Farnesoid X receptorα (FXRα) plays a central role in maintaining the bile acid homeostasis in mammals, while relevant processes are still poorly interpreted in aquatic species. This study was conducted to characterize the fxrα gene in a cyprinidae species: blunt snout bream (Megalobrama amblycephala), and investigate its potential roles in bile acid metabolism. The Fxrα protein contains one DNA binding domain, one ligand binding domain, one His-Try “switch” and two modifies residues. A high degree of conservation (53.18–100.00 %) was observed in the Fxrα protein among most aquatic species and higher vertebrates. The transcription of fxrα was mainly observed in intestine, liver and kidney. Then fish (35.0 ± 0.15 g) were fed two diets containing 33 % and 45 % carbohydrate levels for 12weeks. High-carbohydrate diet significantly elevated the total cholesterol concentrations in plasma, liver and hindgut as well as the triglyceride concentrations in both liver and hindgut, but decreased the total bile acid concentrations in plasma, liver and hindgut. High dietary carbohydrate levels also significantly enhanced hepatic transcriptions of 3-hydroxy-3-methylglutaryl-CoA reductase (the rate-limiting enzyme in cholesterol synthesis), and those of fxrα (a bile acid receptor) and multidrug resistance associated protein 2 (a bile acid transporter) in hindgut.

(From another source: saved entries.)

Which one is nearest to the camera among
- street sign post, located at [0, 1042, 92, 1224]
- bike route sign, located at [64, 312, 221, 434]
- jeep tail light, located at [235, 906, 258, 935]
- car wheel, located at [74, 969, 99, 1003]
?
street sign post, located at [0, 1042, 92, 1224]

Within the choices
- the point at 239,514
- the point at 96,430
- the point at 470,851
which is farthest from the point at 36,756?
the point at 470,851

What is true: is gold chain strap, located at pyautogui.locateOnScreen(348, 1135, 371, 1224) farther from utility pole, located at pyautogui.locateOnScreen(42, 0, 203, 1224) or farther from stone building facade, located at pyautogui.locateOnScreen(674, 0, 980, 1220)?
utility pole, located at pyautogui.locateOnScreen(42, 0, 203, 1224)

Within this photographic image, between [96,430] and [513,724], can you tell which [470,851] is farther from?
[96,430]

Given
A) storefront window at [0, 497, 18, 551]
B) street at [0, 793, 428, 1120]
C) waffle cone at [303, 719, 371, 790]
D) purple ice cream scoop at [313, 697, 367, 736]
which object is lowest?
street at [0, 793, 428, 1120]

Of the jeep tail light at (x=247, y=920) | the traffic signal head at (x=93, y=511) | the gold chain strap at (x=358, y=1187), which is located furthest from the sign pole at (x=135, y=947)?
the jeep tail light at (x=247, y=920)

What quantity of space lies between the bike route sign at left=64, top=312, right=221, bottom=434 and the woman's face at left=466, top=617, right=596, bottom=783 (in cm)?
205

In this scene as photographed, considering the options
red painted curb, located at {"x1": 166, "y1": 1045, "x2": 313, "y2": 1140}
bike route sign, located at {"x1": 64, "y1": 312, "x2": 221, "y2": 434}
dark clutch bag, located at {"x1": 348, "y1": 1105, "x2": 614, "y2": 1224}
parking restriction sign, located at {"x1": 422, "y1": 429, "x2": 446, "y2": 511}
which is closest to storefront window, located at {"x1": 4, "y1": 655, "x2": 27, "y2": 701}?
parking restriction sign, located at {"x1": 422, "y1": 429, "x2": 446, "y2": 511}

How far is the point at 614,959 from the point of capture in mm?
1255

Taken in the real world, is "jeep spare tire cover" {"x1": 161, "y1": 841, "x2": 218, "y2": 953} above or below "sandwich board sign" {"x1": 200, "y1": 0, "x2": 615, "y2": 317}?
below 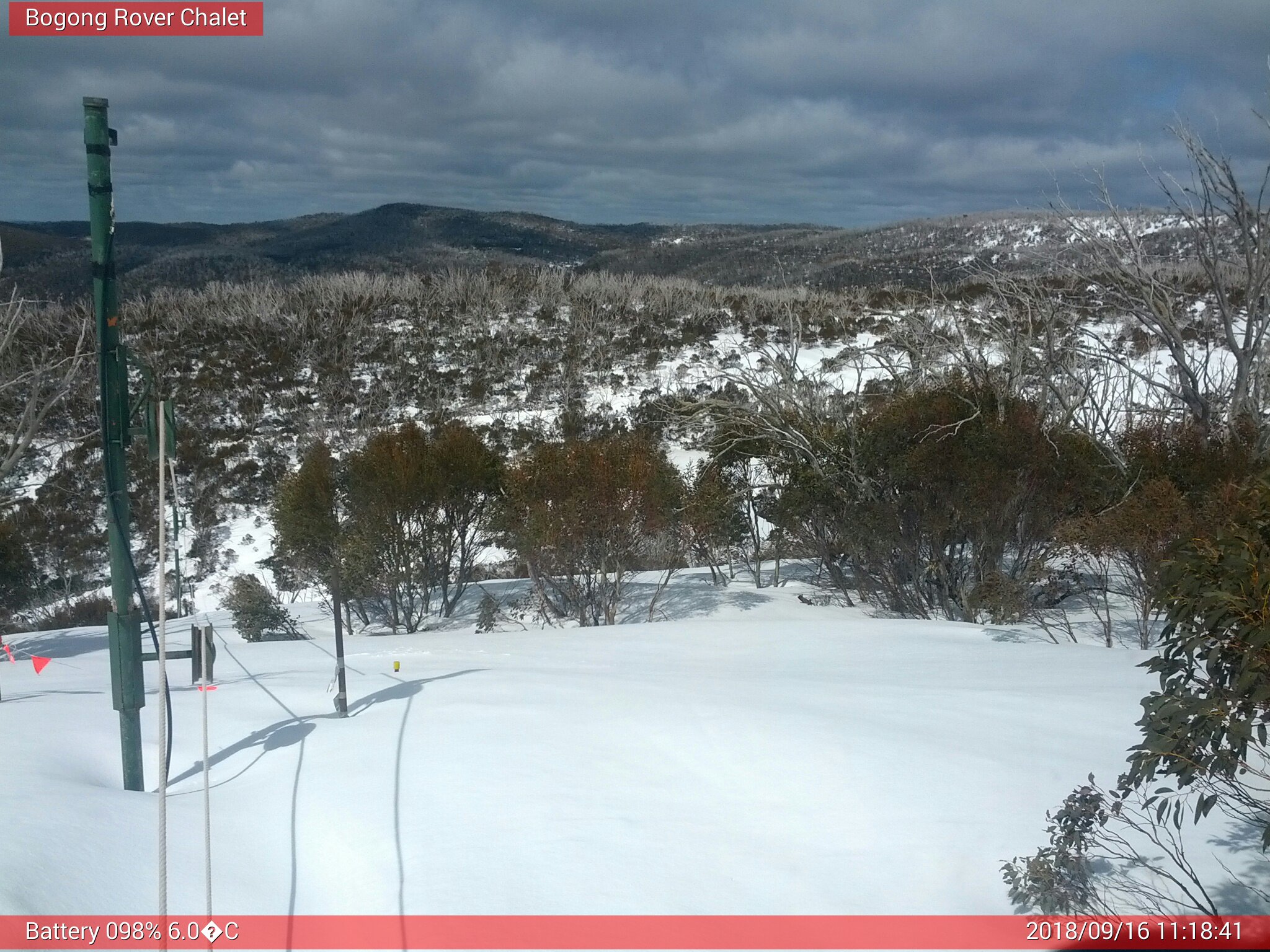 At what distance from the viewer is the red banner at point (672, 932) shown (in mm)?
3643

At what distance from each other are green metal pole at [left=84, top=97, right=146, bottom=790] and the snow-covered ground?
1.43 ft

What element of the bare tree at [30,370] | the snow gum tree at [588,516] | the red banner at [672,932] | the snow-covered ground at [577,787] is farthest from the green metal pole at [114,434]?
the snow gum tree at [588,516]

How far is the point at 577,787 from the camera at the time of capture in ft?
17.0

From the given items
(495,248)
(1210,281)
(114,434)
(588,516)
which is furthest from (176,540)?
(495,248)

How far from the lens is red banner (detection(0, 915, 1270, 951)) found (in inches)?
143

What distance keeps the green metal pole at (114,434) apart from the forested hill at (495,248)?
47606mm

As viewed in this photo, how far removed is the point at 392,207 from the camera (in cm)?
11344

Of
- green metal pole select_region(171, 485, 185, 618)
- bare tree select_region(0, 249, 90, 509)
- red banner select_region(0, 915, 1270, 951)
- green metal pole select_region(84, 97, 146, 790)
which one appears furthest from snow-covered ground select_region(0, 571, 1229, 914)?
bare tree select_region(0, 249, 90, 509)

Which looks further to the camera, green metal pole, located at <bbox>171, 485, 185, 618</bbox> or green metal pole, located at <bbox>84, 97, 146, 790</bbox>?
green metal pole, located at <bbox>84, 97, 146, 790</bbox>

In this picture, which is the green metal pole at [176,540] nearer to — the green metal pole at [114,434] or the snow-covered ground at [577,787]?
the green metal pole at [114,434]

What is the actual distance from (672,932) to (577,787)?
4.57ft

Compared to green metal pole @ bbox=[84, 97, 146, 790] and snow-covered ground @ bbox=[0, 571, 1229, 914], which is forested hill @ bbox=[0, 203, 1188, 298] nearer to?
snow-covered ground @ bbox=[0, 571, 1229, 914]

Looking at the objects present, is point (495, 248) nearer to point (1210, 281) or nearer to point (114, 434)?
point (1210, 281)

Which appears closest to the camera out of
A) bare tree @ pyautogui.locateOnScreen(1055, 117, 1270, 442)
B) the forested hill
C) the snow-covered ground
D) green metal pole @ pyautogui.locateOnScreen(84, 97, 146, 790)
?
the snow-covered ground
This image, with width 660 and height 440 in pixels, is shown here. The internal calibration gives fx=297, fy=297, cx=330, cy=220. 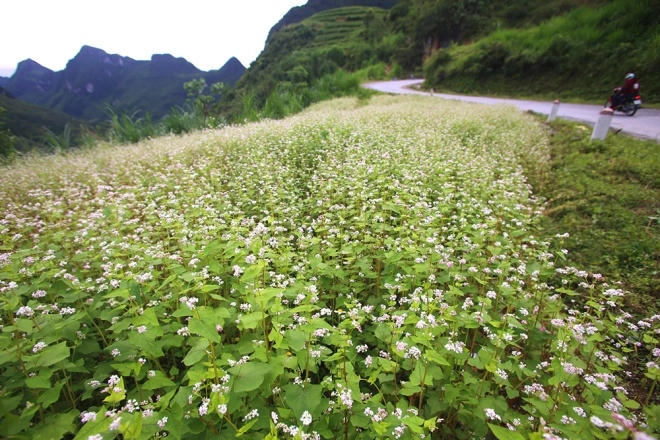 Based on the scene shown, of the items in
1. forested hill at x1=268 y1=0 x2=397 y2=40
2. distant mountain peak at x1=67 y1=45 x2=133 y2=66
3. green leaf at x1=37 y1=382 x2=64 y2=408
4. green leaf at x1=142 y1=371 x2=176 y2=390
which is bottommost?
green leaf at x1=142 y1=371 x2=176 y2=390

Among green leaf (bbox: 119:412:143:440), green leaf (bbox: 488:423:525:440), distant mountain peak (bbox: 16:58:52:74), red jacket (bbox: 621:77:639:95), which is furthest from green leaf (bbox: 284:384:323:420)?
distant mountain peak (bbox: 16:58:52:74)

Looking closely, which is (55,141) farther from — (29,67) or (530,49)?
(29,67)

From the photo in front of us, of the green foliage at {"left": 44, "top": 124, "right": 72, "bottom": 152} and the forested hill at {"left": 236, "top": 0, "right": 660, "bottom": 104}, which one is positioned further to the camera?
the forested hill at {"left": 236, "top": 0, "right": 660, "bottom": 104}

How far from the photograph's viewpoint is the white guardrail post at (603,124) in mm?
8008

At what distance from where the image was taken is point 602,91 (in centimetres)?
1689

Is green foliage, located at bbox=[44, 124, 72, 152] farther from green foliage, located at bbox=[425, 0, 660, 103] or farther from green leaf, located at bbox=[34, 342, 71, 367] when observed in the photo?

Furthermore, high dietary carbohydrate levels significantly decreased the transcriptions of cholesterol 7α-hydroxylase (the rate-limiting enzyme in bile acid synthesis) and organic anion-transporting polypeptides (a bile acid transporter) in liver as well as that of takeda G-protein-coupled bile acid receptor in hindgut. The results demonstrated that the fxrα gene of blunt snout bream is highly conserved compared with other vertebrates. Besides, high dietary carbohydrate levels increased total cholesterol concentrations, and up-regulated the transcription of fxrα, thus decreasing the biosynthesis and reabsorption of bile acids by mediating various target genes.